Merger deals are rarely simple. But Microsoft Corp. Chief Executive Satya Nadella now is attempting to ink a takeover agreement that satisfies not only both the companies and their shareholders, but two governments in bitter competition for technological clout.

If it pans out, the acquisition of TikTok's U.S. operations from Chinese parent ByteDance Ltd. could be a boon to Microsoft's business, giving it 100 million mostly young users to bolster its consumer-facing operations. But the pursuit of TikTok has put the software giant at the center of the U.S.-China firestorm.

Already, Mr. Nadella has been in an unconventional posture for CEO, having talked with President Trump on the phone about the deal on Sunday. Then, in a statement, the CEO took the unusual step of thanking the president for his personal involvement in the negotiations. On Monday, Mr. Trump insisted that part of the purchase price for the deal go to the U.S. Treasury -- a term some observers called inappropriate.

The stakes are high for Microsoft. The company has big business with the U.S. government and last year won a potentially decadelong, $10 billion cloud-computing contract with the Pentagon, which losing bidder Amazon.com Inc. is contesting. Its China business, Microsoft President Brad Smith in January said, represented 1.8% of total revenue, or more than $2 billion a year. The company doesn't break out China sales in its financial filings.

In China, talk of a TikTok sale has gone down badly. The Global Times, a Communist Party tabloid, derided the situation as "the hunting and looting of TikTok by the U.S. government in conjunction with U.S. high-tech companies." One risk for Microsoft is that the Chinese government retaliates over the company's role in a TikTok deal, political analysts have suggested, such as by targeting the Chinese versions of its Bing search engine or LinkedIn, the business-focused social-media platform that Microsoft bought in 2016.

Microsoft has been able to keep those services running in China even as other tech giants have scaled back, in part by agreeing to abide by the Chinese government's censorship requirements. Facebook Inc.'s service is banned in China. Google pulled its search engine out of the country over the censoring of search results.
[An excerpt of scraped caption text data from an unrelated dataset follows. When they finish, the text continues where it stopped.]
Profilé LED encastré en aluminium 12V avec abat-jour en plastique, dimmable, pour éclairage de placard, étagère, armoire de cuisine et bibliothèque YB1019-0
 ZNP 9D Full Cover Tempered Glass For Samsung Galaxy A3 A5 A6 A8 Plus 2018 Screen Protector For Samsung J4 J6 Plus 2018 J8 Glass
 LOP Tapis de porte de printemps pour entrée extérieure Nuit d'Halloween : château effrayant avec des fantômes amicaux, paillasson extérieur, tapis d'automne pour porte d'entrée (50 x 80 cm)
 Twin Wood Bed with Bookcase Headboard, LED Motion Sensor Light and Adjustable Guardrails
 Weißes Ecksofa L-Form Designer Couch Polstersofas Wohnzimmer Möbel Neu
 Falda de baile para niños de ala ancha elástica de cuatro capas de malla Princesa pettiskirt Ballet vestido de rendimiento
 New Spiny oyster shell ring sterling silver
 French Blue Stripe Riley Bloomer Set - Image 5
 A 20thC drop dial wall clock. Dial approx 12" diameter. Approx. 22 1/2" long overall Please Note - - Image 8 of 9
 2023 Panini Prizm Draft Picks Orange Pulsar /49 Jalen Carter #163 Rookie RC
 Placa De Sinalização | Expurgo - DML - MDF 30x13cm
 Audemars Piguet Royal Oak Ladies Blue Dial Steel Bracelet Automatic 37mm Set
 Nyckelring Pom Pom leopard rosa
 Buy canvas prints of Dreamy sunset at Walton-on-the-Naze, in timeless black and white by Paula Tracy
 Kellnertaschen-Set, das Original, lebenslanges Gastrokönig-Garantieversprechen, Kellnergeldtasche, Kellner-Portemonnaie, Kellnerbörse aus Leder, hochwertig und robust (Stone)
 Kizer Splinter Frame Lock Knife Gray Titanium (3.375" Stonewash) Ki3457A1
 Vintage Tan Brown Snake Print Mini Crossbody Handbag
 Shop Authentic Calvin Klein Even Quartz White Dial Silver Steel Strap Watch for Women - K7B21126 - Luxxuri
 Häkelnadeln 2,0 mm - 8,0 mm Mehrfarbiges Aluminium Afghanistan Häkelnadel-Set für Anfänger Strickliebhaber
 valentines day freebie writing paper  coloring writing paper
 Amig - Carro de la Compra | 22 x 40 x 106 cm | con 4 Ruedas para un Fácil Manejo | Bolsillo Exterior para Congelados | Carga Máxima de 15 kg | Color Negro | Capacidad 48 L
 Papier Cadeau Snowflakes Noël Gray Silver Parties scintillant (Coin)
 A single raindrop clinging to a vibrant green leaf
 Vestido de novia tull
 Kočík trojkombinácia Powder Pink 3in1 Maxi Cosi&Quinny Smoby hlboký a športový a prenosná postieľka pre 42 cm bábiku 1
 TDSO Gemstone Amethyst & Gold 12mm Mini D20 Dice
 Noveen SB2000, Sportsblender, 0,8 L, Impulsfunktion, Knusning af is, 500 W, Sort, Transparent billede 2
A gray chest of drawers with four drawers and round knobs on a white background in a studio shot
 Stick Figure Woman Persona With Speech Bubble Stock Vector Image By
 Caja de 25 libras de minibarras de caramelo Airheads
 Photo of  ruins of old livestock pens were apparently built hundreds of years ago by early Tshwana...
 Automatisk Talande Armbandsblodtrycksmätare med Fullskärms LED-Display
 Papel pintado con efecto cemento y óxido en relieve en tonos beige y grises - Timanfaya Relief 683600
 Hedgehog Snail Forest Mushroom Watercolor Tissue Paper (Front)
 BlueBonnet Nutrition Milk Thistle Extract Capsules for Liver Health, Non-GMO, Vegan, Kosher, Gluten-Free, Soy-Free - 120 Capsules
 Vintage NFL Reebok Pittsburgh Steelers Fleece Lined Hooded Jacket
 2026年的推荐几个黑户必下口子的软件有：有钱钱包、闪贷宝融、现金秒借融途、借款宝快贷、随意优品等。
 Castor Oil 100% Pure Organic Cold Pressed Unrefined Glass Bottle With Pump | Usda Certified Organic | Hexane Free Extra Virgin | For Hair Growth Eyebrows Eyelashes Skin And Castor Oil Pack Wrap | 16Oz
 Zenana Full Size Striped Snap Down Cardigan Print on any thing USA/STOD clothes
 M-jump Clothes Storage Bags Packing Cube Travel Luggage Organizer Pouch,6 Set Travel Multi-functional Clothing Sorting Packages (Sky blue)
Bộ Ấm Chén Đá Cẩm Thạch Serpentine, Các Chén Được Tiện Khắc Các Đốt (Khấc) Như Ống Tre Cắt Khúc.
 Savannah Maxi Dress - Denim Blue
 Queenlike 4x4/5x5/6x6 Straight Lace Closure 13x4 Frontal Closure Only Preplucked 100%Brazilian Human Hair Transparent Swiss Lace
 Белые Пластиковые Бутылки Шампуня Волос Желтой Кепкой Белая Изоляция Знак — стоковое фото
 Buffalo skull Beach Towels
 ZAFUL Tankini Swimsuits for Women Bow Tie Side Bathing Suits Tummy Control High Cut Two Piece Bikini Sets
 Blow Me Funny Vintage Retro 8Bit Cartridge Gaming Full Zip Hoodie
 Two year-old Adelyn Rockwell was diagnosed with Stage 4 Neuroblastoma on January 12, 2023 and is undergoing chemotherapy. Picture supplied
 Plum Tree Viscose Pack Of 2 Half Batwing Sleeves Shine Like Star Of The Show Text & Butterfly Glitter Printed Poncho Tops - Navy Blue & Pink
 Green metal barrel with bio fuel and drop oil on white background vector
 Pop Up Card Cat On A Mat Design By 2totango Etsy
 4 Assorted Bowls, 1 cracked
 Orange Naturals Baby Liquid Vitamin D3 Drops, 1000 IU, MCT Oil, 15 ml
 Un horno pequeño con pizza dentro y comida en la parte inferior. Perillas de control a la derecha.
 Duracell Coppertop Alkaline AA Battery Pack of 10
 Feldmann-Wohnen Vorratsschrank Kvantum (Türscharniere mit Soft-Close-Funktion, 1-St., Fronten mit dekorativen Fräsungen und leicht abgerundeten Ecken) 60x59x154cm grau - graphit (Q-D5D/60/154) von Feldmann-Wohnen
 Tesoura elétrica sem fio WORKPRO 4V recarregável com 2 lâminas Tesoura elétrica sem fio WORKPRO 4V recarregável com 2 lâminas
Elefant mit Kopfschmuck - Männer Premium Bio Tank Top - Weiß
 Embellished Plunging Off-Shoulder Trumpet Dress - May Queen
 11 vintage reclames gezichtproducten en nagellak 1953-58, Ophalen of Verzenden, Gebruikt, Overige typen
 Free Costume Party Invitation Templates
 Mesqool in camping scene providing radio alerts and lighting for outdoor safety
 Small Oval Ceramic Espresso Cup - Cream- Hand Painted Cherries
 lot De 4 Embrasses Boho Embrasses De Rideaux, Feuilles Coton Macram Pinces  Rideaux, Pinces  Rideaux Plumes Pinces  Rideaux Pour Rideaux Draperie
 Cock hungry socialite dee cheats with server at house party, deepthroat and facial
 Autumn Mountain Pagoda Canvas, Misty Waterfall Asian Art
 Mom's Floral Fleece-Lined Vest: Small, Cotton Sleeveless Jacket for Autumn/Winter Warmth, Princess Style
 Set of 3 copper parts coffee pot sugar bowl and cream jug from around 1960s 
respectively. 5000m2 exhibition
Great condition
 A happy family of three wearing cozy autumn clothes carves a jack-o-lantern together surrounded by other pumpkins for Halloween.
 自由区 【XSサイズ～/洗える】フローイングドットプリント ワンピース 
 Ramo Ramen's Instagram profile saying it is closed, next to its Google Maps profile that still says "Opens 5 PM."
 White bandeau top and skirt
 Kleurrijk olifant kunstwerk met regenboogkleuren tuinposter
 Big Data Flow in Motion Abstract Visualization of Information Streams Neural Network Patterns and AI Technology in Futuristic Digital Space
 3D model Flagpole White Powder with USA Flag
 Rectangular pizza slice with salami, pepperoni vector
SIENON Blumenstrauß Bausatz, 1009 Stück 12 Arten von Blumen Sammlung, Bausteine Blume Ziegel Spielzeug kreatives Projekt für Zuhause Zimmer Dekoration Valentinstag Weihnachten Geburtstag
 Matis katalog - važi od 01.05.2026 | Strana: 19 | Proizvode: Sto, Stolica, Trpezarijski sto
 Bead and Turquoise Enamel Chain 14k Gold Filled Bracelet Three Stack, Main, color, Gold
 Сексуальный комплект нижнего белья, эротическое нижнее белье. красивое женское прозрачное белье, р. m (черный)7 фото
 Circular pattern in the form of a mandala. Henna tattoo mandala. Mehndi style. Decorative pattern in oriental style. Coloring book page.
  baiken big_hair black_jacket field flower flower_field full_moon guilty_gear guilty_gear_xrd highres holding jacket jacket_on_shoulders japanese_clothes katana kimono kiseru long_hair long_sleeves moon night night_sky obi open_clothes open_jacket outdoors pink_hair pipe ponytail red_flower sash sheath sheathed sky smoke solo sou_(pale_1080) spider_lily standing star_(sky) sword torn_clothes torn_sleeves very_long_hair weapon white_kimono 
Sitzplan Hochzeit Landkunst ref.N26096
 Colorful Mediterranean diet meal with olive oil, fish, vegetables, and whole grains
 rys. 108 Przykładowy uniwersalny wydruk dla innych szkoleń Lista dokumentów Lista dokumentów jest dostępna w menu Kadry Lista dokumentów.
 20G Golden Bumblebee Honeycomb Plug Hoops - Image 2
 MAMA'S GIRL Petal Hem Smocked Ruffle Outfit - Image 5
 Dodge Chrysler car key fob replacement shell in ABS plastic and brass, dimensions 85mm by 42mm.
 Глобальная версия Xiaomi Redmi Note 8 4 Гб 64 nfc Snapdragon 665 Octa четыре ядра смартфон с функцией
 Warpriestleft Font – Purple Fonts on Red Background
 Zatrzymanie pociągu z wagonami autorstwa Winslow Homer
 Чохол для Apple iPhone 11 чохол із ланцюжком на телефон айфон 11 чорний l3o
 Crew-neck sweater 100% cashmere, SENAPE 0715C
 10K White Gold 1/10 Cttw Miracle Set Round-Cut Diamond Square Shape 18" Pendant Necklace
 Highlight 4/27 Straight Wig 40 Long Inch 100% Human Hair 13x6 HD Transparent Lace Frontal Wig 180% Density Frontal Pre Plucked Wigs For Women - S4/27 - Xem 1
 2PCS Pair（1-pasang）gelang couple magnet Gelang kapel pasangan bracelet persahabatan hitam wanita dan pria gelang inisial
What has aided Microsoft's relative success in China has been its concentration under Mr. Nadella on selling to business customers rather than trying to tap consumers. "Because Microsoft has been focused on the enterprise, it's been a lot easier for them to operate in China," said Arun Sundararajan, a professor at New York University's Stern School of Business. "The conflict of interest between Microsoft products and what the Chinese government is interested in controlling are minimal."

Microsoft for years has managed to maintain good relations with political leaders in Washington and Beijing. Mr. Nadella hosted Chinese President Xi Jinping at the company's headquarters in Redmond, Wash., in 2015. A year later, the CEO visited Beijing and met political leaders there. Later in 2016, Mr. Nadella and Mr. Smith, who plays a major role assisting the CEO in dealing with Washington, both joined other top executives for a tech summit called by Mr. Trump, then president-elect, making Microsoft one of only two companies, along with Google parent Alphabet Inc., to send two executives.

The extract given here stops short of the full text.